I have brought to light what happens in the schools because the same is repeated in organizations, establishments, offices and even within the structures of some of our holy places. As far as government and other public offices are concerned, it is the order of the day. There are a number of people who accept the injustice meted out within organizations and establishments only because they have to earn their daily bread. If they report the matter to the higher authorities, they know that the higher authorities are not likely to take any action as long as it does not affect the profit and loss account. And so life goes on. The best performers are not rewarded but those who toe the line and conform. The conformist is the king. The confrontationist is the enemy, even when the confrontation is for a just and worthy cause. That is why we have so many mediocre managers; and so many honest and hardworking men and women who never make it to the top. A man who knows his worth does not usually bow down to authorities. His or her sense of pride does not permit him or her to do that. The less your worth the more you may creep when asked to crawl. And creeping, creeping you may reach the top. The organization, the country may reach the bottom. But who cares?

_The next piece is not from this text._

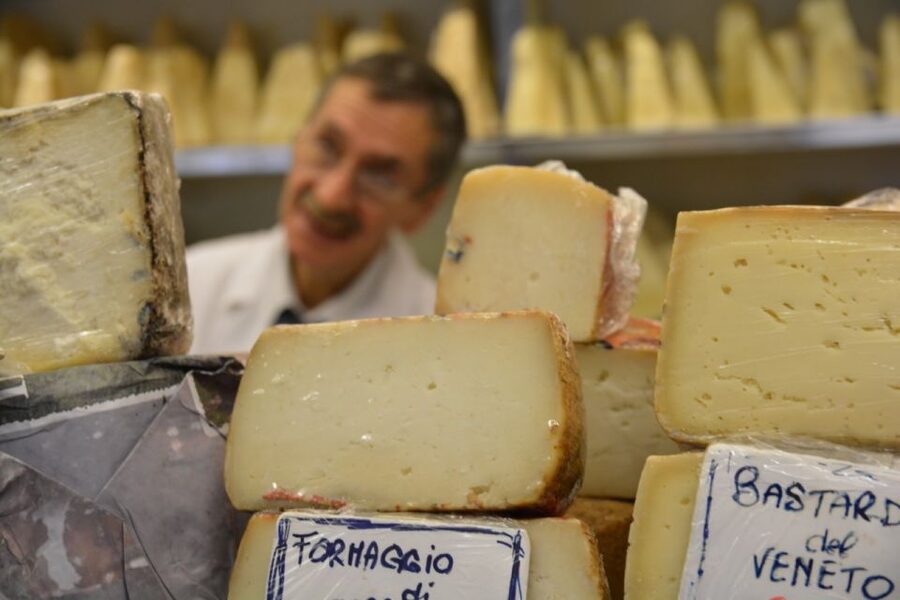 Rome: Trastevere Food and Wine Tasting Tour - Trastevere makes sense when you eat your way through it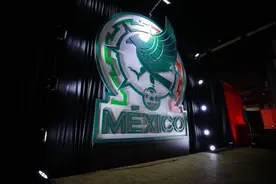 早报 | 李宁签约综合格斗运动员李景亮；巴萨与BMG银行签订赞助协议图片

We must care. We must reach out through dialogue. Even as things are bad, hope is not lost. There are some tall leaders among us whom we must project and work with. With our few tall leaders we must all become healers. Healers to those who have been suppressed by the system. Healers of victims, builders of trust.

With apologies to Rabindranath Tagore:
Where dialogue builds bridges of trust, into that heaven of freedom my Father, let my Country awake.